The partial derivatives are
${f_x} = 3{x^2}y + 24x$, ${\ \ \ }$ ${f_y} = {x^3} - 8$
${f_{xx}} = 6xy + 24$, ${\ \ }$ ${f_{yy}} = 0$, ${\ \ }$ ${f_{xy}} = 3{x^2}$
To find the critical points we solve the equations ${f_x} = 0$ and ${f_y} = 0$:
${f_x} = 3{x^2}y + 24x = 0$, ${\ \ }$ ${f_y} = {x^3} - 8 = 0$
From the second equation we get $x=2$. Substituting it in the first equation gives
$12y + 48 = 0$, ${\ \ \ }$ $y = - 4$
So, there is only one critical point: $\left( {2, - 4} \right)$.
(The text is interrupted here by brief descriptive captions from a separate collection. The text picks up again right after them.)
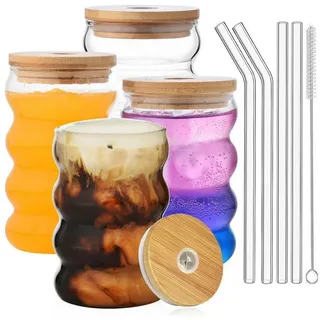 luxuskollektion Longdrinkglas 0,53 l 4-tlg.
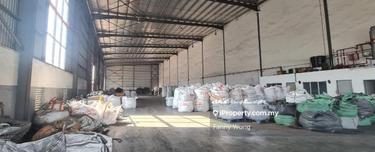 Kapar, Sungai Kapar Indah, Kapar Bestari Semi D Factory for Sale 1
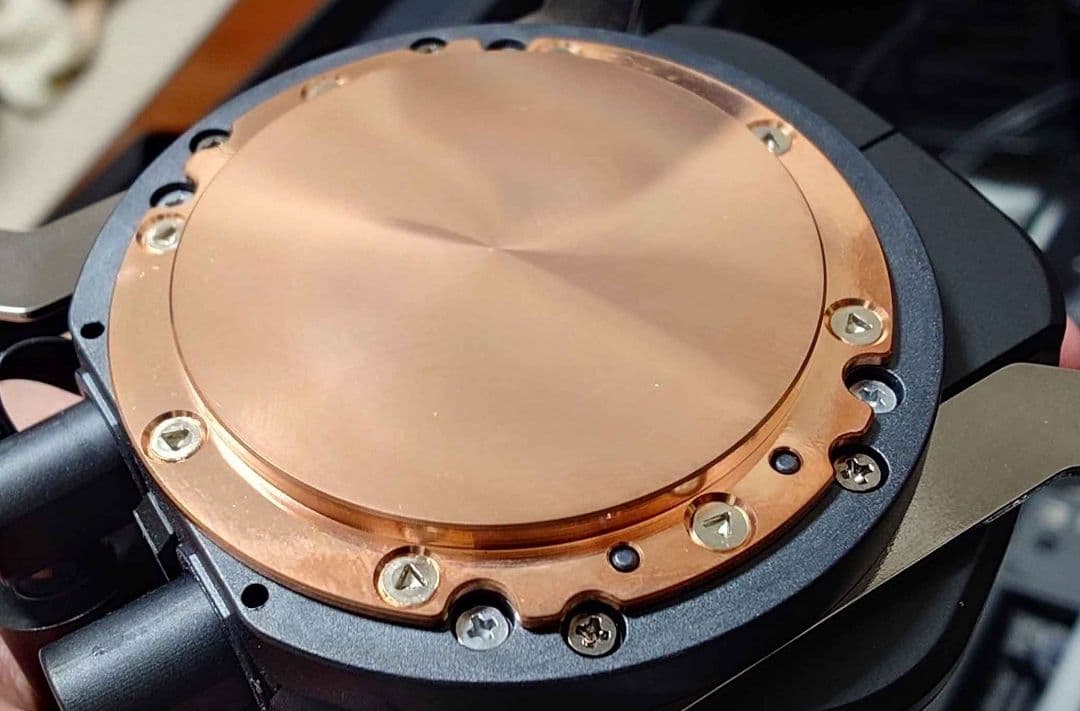 PC用ファン・クーラー Cooler Master ML 360 Atmos II VRM Fan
Next, we use the Second Derivative Test to determine the nature of the critical point. The results are listed in the following table:
$\begin{array}{*{20}{c}}
{{\bf{Critical}}}&{{f_{xx}}}&{{f_{yy}}}&{{f_{xy}}}&{{\bf{Discriminant}}}&{}\\
{{\bf{Point}}}&{6xy + 24}&0&{3{x^2}}&{D = {f_{xx}}{f_{yy}} - {f_{xy}}^2}&{{\bf{Type}}}\\
{\left( {2, - 4} \right)}&{ - 24}&0&{12}&{ - 144}&{{\rm{saddle{\ }point}}}
\end{array}$